Require your people to use 2FA and how to reset 2FA devices
2FA Required Mode
To ensure your users have secure accounts, you can require users to enable 2FA before they can access TopLeft.
In this mode, users cannot access Kanban boards without first enabling 2FA for their accounts. When a user without 2FA tries to access a board, they are shown an error message and a prompt to enable 2FA.
When using SSO, we recommend not requiring 2FA, because your SSO provider will have its own 2FA mechanism.
To require 2FA, follow these steps.
- As an administrator, click the gear icon in the main menu.
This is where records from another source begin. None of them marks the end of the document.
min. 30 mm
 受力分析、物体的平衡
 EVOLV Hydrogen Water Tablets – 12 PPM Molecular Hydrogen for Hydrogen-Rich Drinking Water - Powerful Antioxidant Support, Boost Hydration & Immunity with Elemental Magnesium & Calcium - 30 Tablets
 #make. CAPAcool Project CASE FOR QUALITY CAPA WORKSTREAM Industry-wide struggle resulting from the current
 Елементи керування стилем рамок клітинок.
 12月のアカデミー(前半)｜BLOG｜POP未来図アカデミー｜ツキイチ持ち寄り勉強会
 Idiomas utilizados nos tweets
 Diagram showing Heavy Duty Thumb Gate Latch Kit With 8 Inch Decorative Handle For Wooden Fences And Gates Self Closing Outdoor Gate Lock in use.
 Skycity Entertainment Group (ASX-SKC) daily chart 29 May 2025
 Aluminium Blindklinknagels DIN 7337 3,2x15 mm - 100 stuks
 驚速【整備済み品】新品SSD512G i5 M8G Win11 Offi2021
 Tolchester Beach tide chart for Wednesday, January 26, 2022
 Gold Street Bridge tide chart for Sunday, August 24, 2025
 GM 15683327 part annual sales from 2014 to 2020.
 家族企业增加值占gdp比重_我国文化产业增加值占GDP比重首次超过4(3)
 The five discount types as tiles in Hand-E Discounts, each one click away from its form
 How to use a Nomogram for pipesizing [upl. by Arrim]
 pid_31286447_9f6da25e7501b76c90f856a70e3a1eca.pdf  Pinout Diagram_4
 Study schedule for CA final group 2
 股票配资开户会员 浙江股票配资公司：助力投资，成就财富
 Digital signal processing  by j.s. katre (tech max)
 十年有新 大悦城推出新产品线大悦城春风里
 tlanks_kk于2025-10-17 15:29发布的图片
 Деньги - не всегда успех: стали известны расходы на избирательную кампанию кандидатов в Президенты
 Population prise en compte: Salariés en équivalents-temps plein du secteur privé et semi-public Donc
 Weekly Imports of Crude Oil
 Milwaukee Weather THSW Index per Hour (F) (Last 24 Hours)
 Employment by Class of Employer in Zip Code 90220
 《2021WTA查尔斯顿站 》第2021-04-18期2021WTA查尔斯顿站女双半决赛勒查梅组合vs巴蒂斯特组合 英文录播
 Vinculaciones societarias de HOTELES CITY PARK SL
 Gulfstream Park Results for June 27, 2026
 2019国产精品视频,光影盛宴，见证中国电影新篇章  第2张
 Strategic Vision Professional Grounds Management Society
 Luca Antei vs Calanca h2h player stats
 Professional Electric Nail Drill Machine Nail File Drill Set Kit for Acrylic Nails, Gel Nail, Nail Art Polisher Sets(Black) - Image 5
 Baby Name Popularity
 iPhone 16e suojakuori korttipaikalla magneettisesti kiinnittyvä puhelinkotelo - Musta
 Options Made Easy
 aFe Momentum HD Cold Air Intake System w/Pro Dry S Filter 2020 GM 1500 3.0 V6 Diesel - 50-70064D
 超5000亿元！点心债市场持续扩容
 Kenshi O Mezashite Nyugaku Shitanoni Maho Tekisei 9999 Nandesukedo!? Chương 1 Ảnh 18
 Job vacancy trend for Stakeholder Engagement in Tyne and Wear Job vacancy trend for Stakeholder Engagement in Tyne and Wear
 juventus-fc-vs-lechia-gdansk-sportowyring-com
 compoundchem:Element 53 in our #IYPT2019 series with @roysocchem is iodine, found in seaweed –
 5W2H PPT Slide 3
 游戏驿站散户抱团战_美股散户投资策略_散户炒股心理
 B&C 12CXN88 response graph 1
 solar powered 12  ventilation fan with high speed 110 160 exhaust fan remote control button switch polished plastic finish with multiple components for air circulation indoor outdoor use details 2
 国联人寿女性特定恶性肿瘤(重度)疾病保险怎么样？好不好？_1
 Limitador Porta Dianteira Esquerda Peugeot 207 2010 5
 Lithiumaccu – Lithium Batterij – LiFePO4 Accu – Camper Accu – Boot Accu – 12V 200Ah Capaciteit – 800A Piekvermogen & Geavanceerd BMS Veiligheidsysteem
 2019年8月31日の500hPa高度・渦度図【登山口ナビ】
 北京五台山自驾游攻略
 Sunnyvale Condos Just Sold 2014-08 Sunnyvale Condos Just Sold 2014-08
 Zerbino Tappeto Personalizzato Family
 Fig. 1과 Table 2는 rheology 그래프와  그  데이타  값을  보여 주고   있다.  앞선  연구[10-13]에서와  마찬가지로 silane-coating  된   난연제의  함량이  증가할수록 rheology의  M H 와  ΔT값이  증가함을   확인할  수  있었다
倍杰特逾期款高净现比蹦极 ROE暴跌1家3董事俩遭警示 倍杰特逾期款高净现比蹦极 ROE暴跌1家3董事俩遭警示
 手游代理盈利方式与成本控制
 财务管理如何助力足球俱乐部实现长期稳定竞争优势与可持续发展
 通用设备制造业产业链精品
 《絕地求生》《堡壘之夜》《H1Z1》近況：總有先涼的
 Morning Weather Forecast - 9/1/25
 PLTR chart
Under Other Stuff, click Advanced Options.
- Find SECURITY_TWO_FACTOR_AUTH_REQUIRED_MODE and check the box in the Value column.
- At the bottom of the page, click Save.
Find Which Users Have 2FA
You can check which users have enabled 2FA.
- Navigate to Admin > Users.
- Review the list of users. A checkmark in the 2FA column means the user has configured 2FA.
Reset Two Factor Authentication Device
If a user loses their 2FA device, you can disable 2FA for their account so they can log in and re-enable it.
To remove 2FA from a user account, follow these steps.
- Navigate to Admin > Advanced Options.
- In the menu on the left, scroll to the bottom and click TOTP devices.
- Click the name of the user whose 2FA device you want to remove.
- Scroll to the bottom of the page and click Delete.
The user's 2FA has now been disabled. They can log into TopLeft and re-enable their 2FA.